Referandum diyorum. Karar mı? Kader mi?
Toplumun nabzını tutun, “Hayır” diyor. Oran mı? Yüzde 60
bandında.
Nedenini en iyi AKP kurmayları biliyor.
Toplum belli bir “bilme doyumu”na ulaştı.
Bilme doyumu.
Aldanmanın, kanmanın; aldanmış, kanmış görünmenin de bir sınırı
var.
İşte, AKP yandaşı da o sınıra ulaştı.
17-25 olayını yalayıp yutmuş gibi yaptı.
Ülkenin her yanındaki yolsuzlukları görmezden geldi.
Adaletsiz uygulamalara başını çevirdi.
Yukarılarda oynanan oyunları görüp de görmezden geldi.
Kullanılıp atılan önemli figürleri bilip de bilmezden
geldi.
FETÖ olayında kol kola yaşananların sonradan nasıl suç sayıldığını
gördü.
Bunları yıllardır yapanların nasıl sıyrıldığına tanık
oldu.
PKK olayında yaşanan zikzakların nasıl inkâr edildiğini
gördü.
Görmezden gelmenin de bir sınırı var.
Bilmezden gelmenin de bir sıkıntısı var.
Tanıklık bir yerden sonra suç ortaklığına dönüşür.
AKP seçmeni işte bu sınıra ulaştı.
Eli Evet’e gitse de içi HAYIR’da.
AKP yöneticilerini rahatsız eden de bu.
Onun için artık her şeyi yapıyorlar.
HAYIR diyecekleri terörist ilan ediyorlar.

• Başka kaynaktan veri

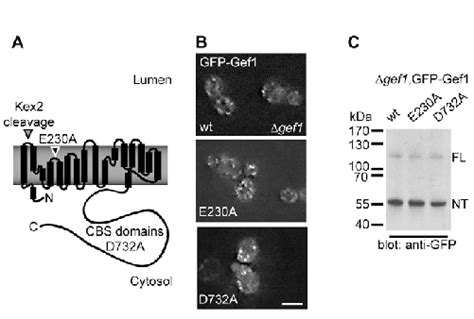 Structure Based Mutagenesis Of Gef1 A Scheme Of The Gef1 Protein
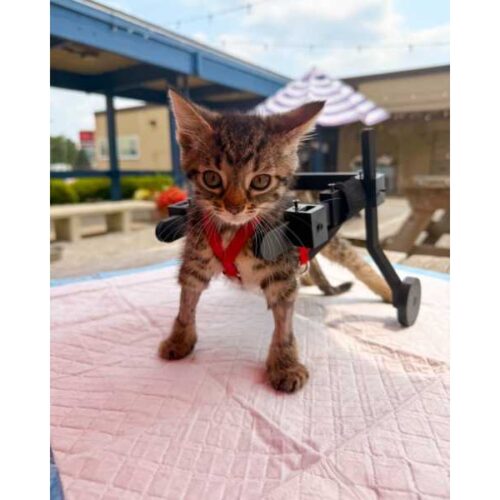 Pie de foto: Gelato se hizo viral después de que su cuidadora improvisara una diminuta silla de ruedas utilizando reglas, cinta, cinchos y carritos Hot Wheels. Foto: Cincinnati Animal CARE.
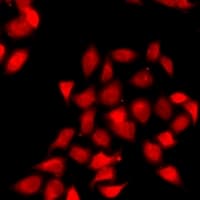 CDC45 Antibody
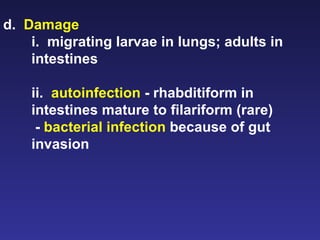 d.  Damage i.  migrating larvae in lungs; adults in intestines ii.  autoinfection  - rhabditiform in intestines mature to filariform (rare) -  bacterial infection  because of gut invasion 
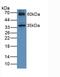 Hemojuvelin BMP Co-Receptor antibody, LS-C294455, Lifespan Biosciences, Western Blot image 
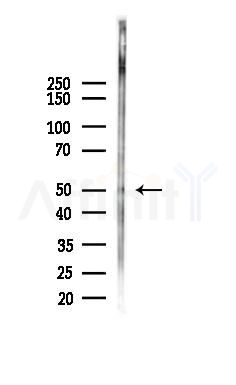 GPR152 Antibody - Western blot analysis of lysates from Mouse brain, using GPR152 Antibody at 1/1000 dilution.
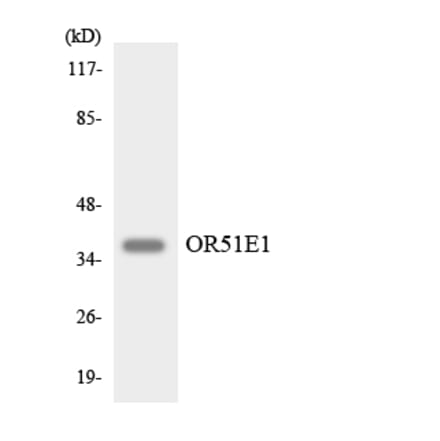 Western Blot - Anti-OR51E1 Antibody (R12-3205) - Antibodies.com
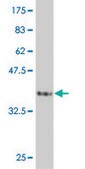 Monoclonal Anti-PPP1R2 antibody produced in mouse clone 2E9, purified immunoglobulin, buffered aqueous solution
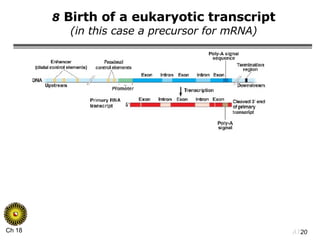 8  Birth of a eukaryotic transcript (in this case a precursor for mRNA)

Hedeflerine CHP’yi oturtuyorlar.
Her türlü baskıyı uyguluyorlar.
Her şeyi kendi amaçları için kullanıyorlar.
Tehdit, şantaj, tutuklama, baskı, zulüm.
Ödül olarak da devlet kadroları, ekonomik rüşvetler
ellerinde.
Ama öyle bir süreç yaratıyorlar ki,
Ulaşmak istedikleri hedef meşruiyet sınırının altına
düşüyor.
Eğer bu yolla kazanırlarsa, meşru bir kazanım olmayacak.
Amaçladıkları gibi kazanırlarsa eğer,
17 Nisan’dan başlayacak süreçte, HAYIR demiş olanlar Evet’e razı
olacaklar mı?
Elbette ki HAYIR.
Ama Evet demiş olanlar “Hayır” diyen iç seslerini hep
duyacaklar.
Bu durumda çoğunluğu HAYIR diyen bir toplum nasıl
yönetilecek?
Kaçınılmaz olarak, zorbalıkla ve rüşvetle.
Her ikisi de bir toplum yönetiminin meşru yolları
değildir.
Onun için de HAYIR’ın kazanması AKP’nin de yararınadır.
Elbette Cumhurbaşkanı Erdoğan’ın da
yararınadır.
HAYIR seçeneği, görece meşru kalabilmenin tek olasılığıdır.